De acuerdo con las métricas de la Defensoría del Pueblo, solo el año pasado, hasta el 5 de noviembre de 2024, se registraron 282 casos oficiales de reclutamiento de niños, niñas y adolescentes, a quienes sus infancias y juventudes les fueron despojadas y reemplazadas arbitrariamente por armamento bélico y uniformes de combate. Número que solo corresponde a los reportes realizados, pues hay un subregistro de quienes no fueron notificados ante entes de control, como denuncian desde la Alianza por la Niñez Colombiana.

Uno de ellos fue *Jesús, quien creció en el corazón de Antioquia, donde la tierra fértil se encuentra con las cicatrices de años de conflicto y cientos de infancias son moldeadas por la sombra del narcotráfico, la minería ilegal y agentes armados como las extintas FARC, el ELN y grupos paramilitares.

“Vivía en un pueblito donde se movía mucho la coca. Había mucho narcotráfico y siembra de cultivos ilícitos en ese entonces y era un pueblo con muy pocas oportunidades”, recuerda. De manera que a sus cortos 11 años sus opciones eran pocas: sucumbir al atractivo de los cultivos de coca, aventurarse en las minas artesanales de la región o vincularse a los grupos alzados en armas, que su madre siempre le aconsejaba evitar.

Fue así como mientras pasaba sus días cerniendo arena, ya extraída por las retroexcavadoras, fue secuestrado, torturado y acusado falsamente por un frente paramilitar de ser un “informante de los grupos guerrilleros”:

“Me llevaron debajo del puente del pueblo y empezaron a hacerme preguntas sobre un amigo que se había enfilado a las FARC. Me golpearon y me amenazaron de muerte, así que me fui a las minas y no pude regresar a casa porque me intimidaron con matar a mi familia”, narra mientras en su voz resuenan los ecos del pasado.

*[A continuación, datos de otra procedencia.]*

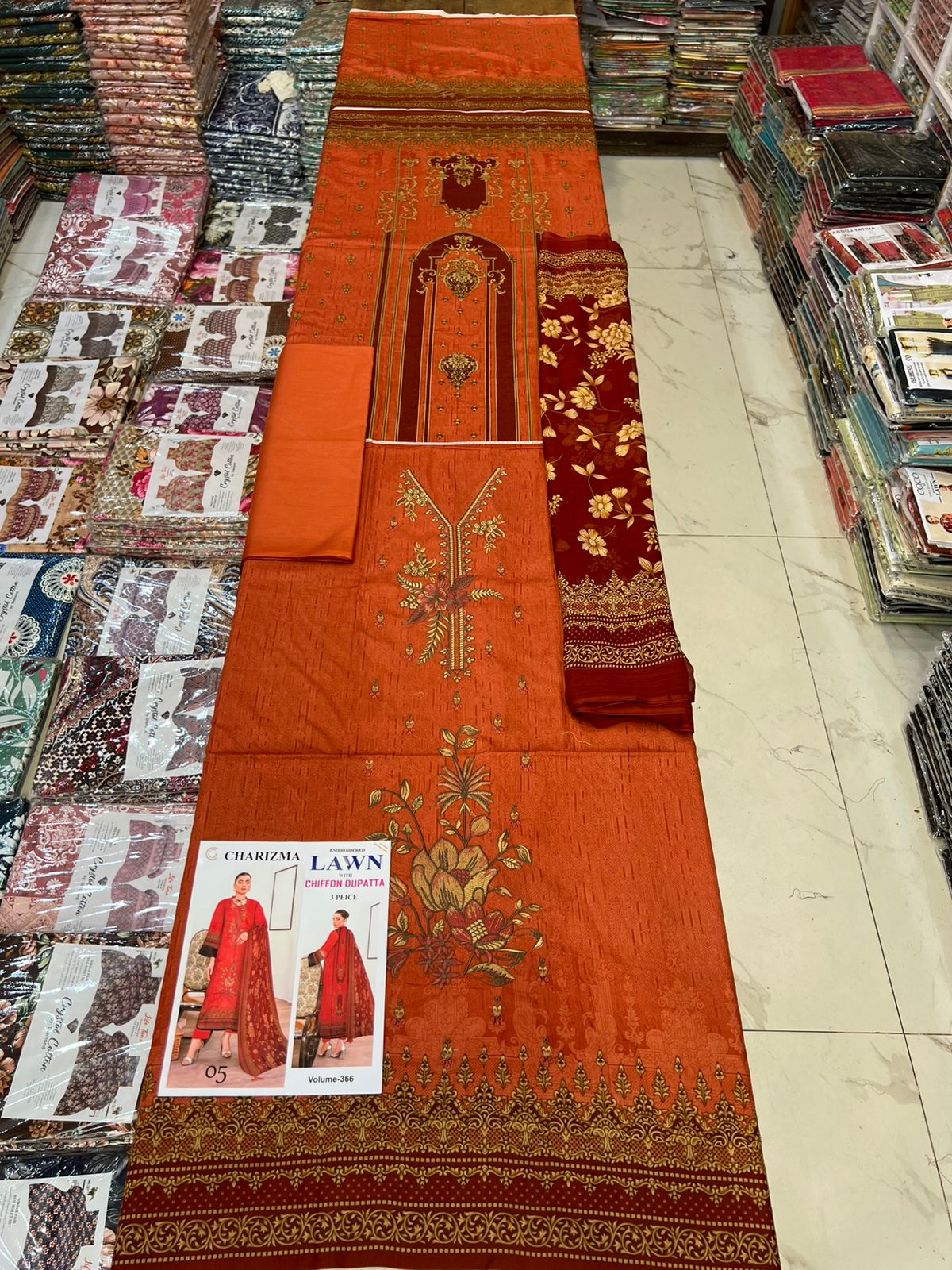 Different Brands Emb Lawn 3Pc Suit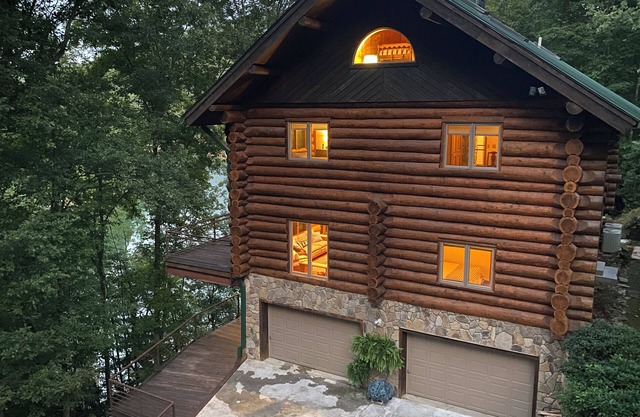 The Cabin on Fontana Lake Lake Front Paradise in the Smokies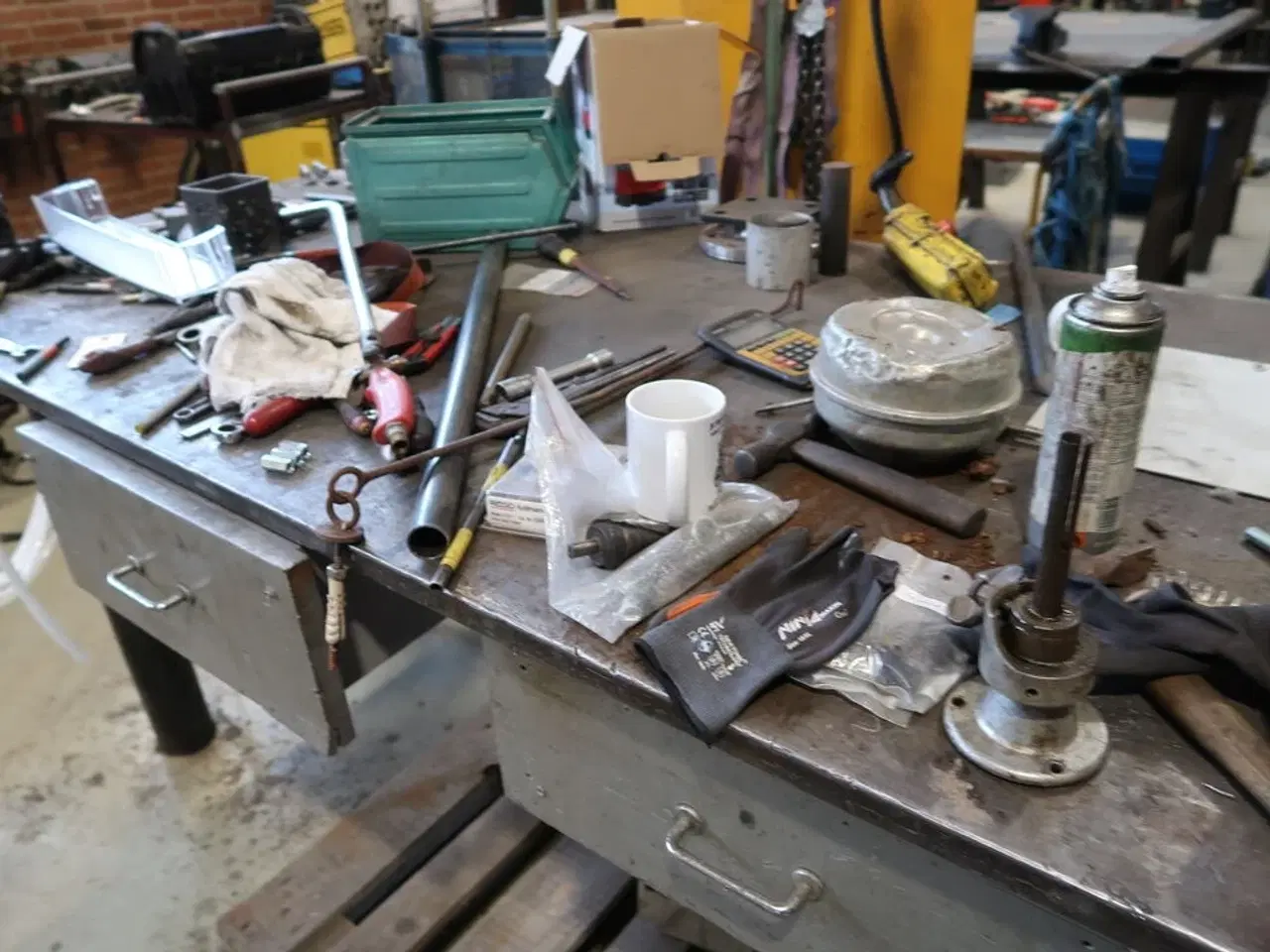 Billede 8 - Svejsebord med div. Værktøj og varelager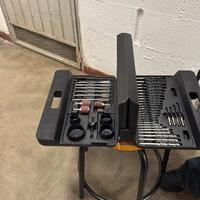 Cassetta con punte frese inserti tutto nuovo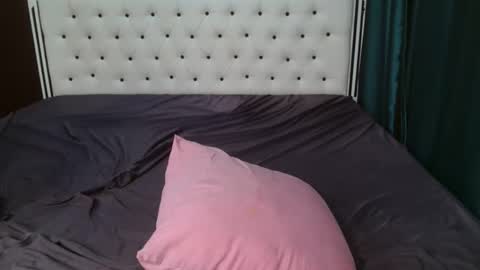 pixel online show from March 31, 6:30 pm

Tras este incidente le propusieron unirse a las extintas FARC bajo la promesa de que le darían protección y amparo. Ofrecimiento que para un menor intimidado puede volverse una tabla de salvación en medio de un panorama desolador.

A partir de ese momento, durante casi dos años se vio envuelto en un mundo de violencia y engaño del que quiso salirse, aunque arriesgarse siquiera a hacerlo podría costarle la vida, como fue testigo en varias ocasiones en los consejos de guerra que les hicieron a varios de sus compañeros que fueron capturados y asesinados por intentar huir: “El sonido de los fusilamientos era lo único que sonaba en medio del silencio de quienes estábamos en el campamento cuando los acribillaban amarrados en los árboles”, describe.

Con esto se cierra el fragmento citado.